Clean Seed listed on the Toronto Venture stock exchange (CSX) as a means to raise funding from a more diversified pool of investors like Rosengren and the farming community as a whole, after having challenges in the private equity markets post 2008. Clean Seed was awarded the Toronto Venture exchange’s top 50 company performers award in both 2014 and 2015.
After several years of research and development, and patent security confirmation, Clean Seed unveiled the CX6 Smart Seeder at the 2013 Farm Progress Show, Canada’s largest agricultural equipment expo where it won the People’s Choice Award.
From there, it raised C$3.5 million more in funding for research and commercialization, including C$2 million from the Canadian Federal government. It also secured a manufacturing deal with WS Steel, and a distribution deal in Canada with Rocky Mountain Equipment, Canada’s largest dealer network. Rocky Mountain purchased two CX6 Smart Seeders and will embark on a prairies-wide training, education, and demonstration awareness program with Clean Seed in April.
More recently, Clean Seed entered into a distribution partnership with Torgerson’s to bring the seeder to Montana and North West Dakota in the US, including a CX6 demonstration center. The announcement of this partnership coincided with a further $1 million of investment from Torgerson and new additions to the management team.

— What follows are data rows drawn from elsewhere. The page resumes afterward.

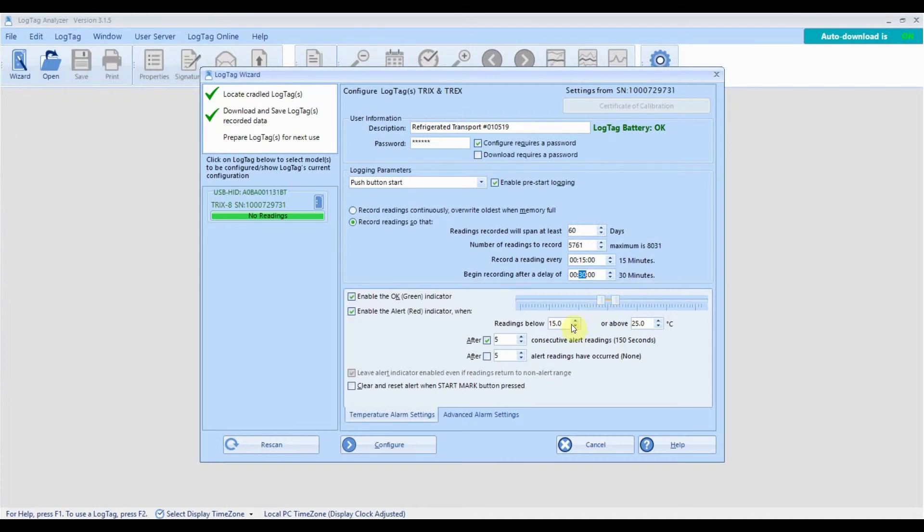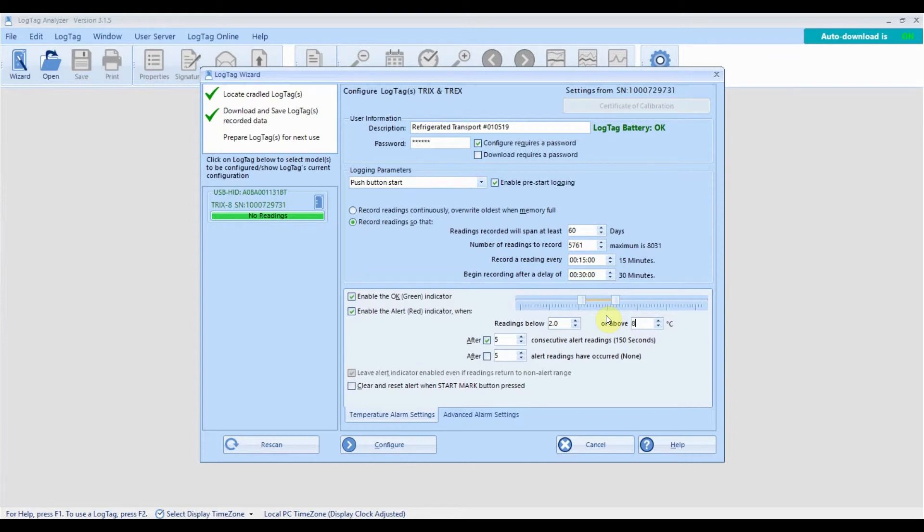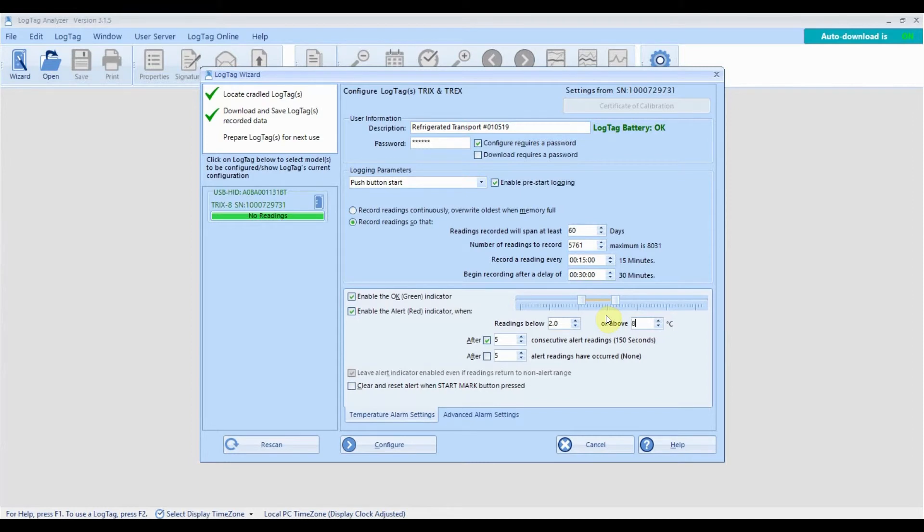Enter temperatures that you wish to trigger an alarm should the logger record a temperature that meets or exceeds the alarm value specified. In this example, the logger will immediately trigger an alarm if the recorded temperature exceeds eight degrees Celsius or drops below two degrees Celsius. If you want to clear the alarm and continue recording, tick the clear and reset option.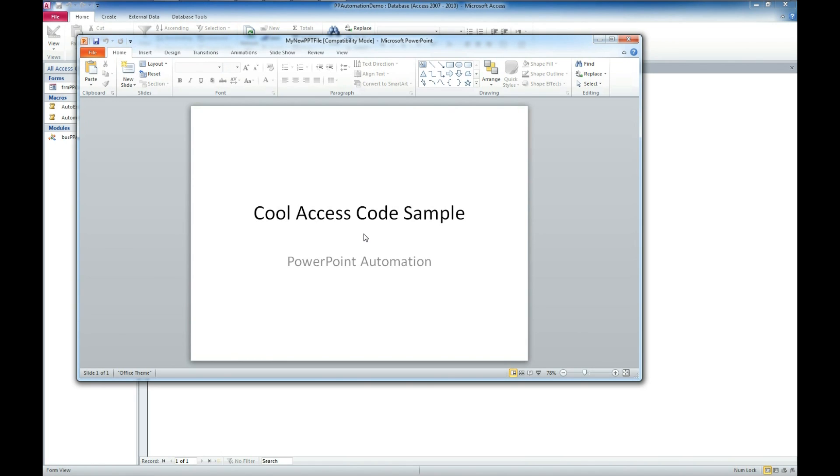If you need help implementing this or creating some type of custom Access presentation generator, let us know. We can help you with the code sample. We've got multiple ways to contact us in the description below.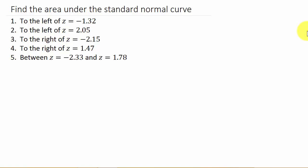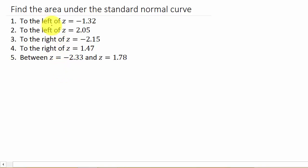In this video we're going to look at finding the area under the standard normal curve when we're given a z-score. We've got five examples. We're going to use the standard normal curve table to look these values up. Whenever you're doing this, it's always best to go ahead and draw a picture to see what you have — it makes it easier to find these areas.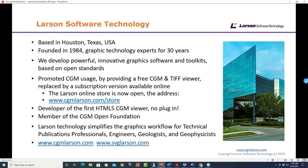For those not familiar with Larson Software, we're based in Houston, Texas. We were founded in 1984 by a group of graphics technology experts and we've been doing this for over 30 years. We develop powerful, innovative graphics software and toolkits based on open graphic standards. We've promoted CGM since its beginning by providing a free CGM viewer, recently replaced with a subscription version available in our online store. We're also the developer of the first HTML5 CGM viewer that eliminated the need for plugins, and a member of the CGM Open Foundation.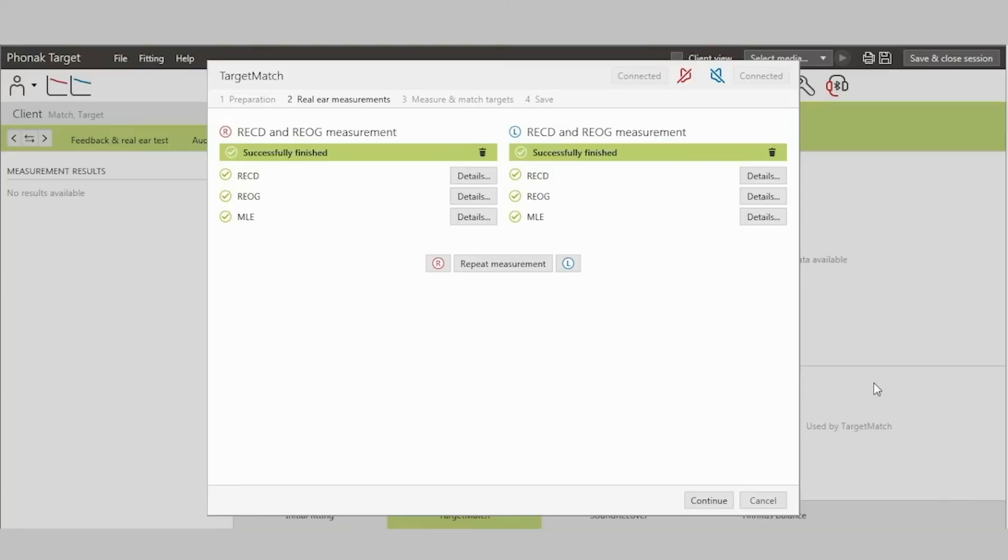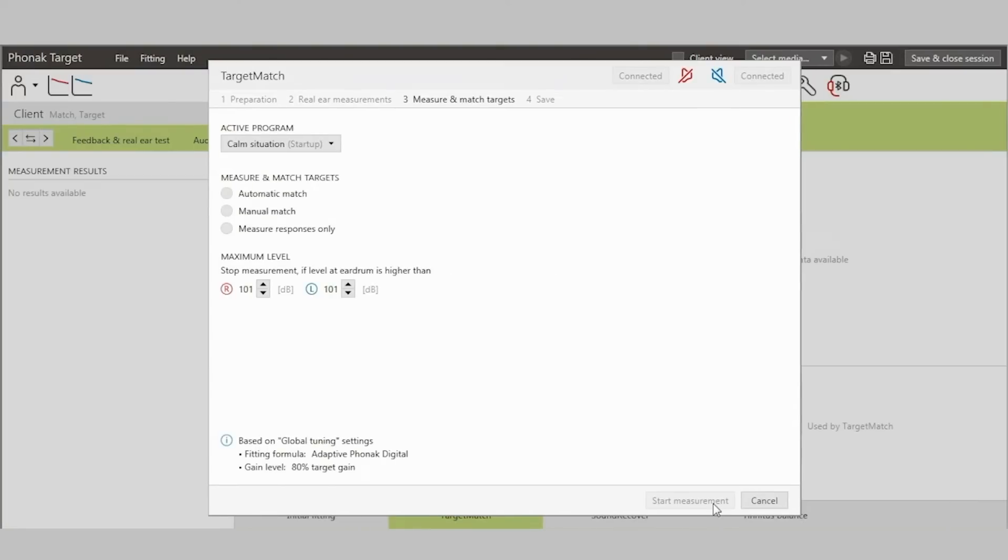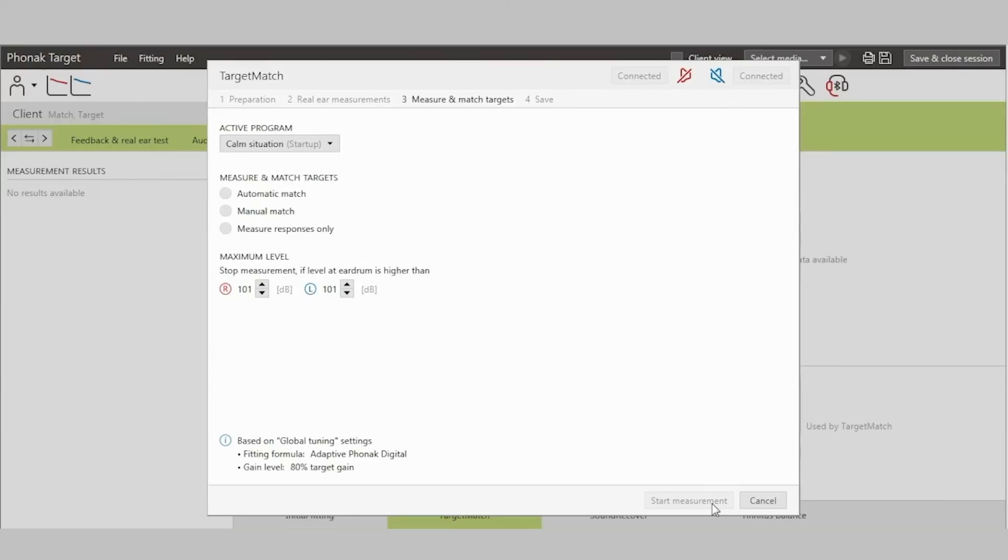The last step is to measure the aided responses of the hearing aids and match them to predictive targets for three international speech test signals, ISTS, at 50, 65, and 80 dB. Targets can be from any standard prescriptive algorithm such as NAL or DSL or a proprietary algorithm such as Adaptive Phonak Digital. Targets can be matched automatically or manually. This process of measuring and matching is automatically done twice along with ambient noise measurements for accuracy and reliability.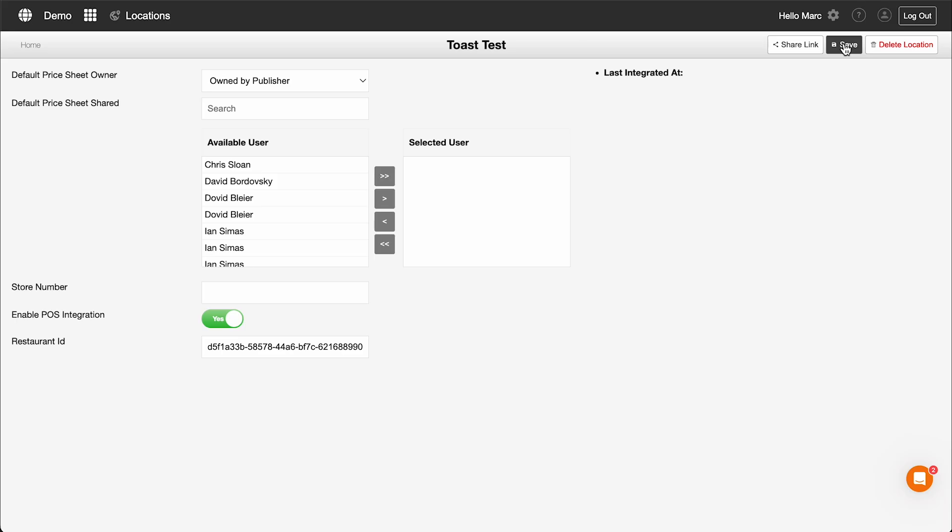Congratulations! You have successfully integrated Toast POS with MenuBoard Manager.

The new management additions include Colin Rush as chief operating officer. Rush was an independent director at Clean Seed from 2014, and has also held roles at John Deere, Case IH, and JCB Canada. William Edward Mufford, has become chief technology officer after time at Ballard Power Systems, General Hydrogen, and Plug Power. And Michael Eyres, and Gary Anderson have both joined as advisory board members. Eyres is a respected soil systems engineer from Australia, and Anderson cofounded AG Growth International, the grain handling company, serving as CEO until it listed on the TSX with an enterprise value of $1.1 billion in 2016.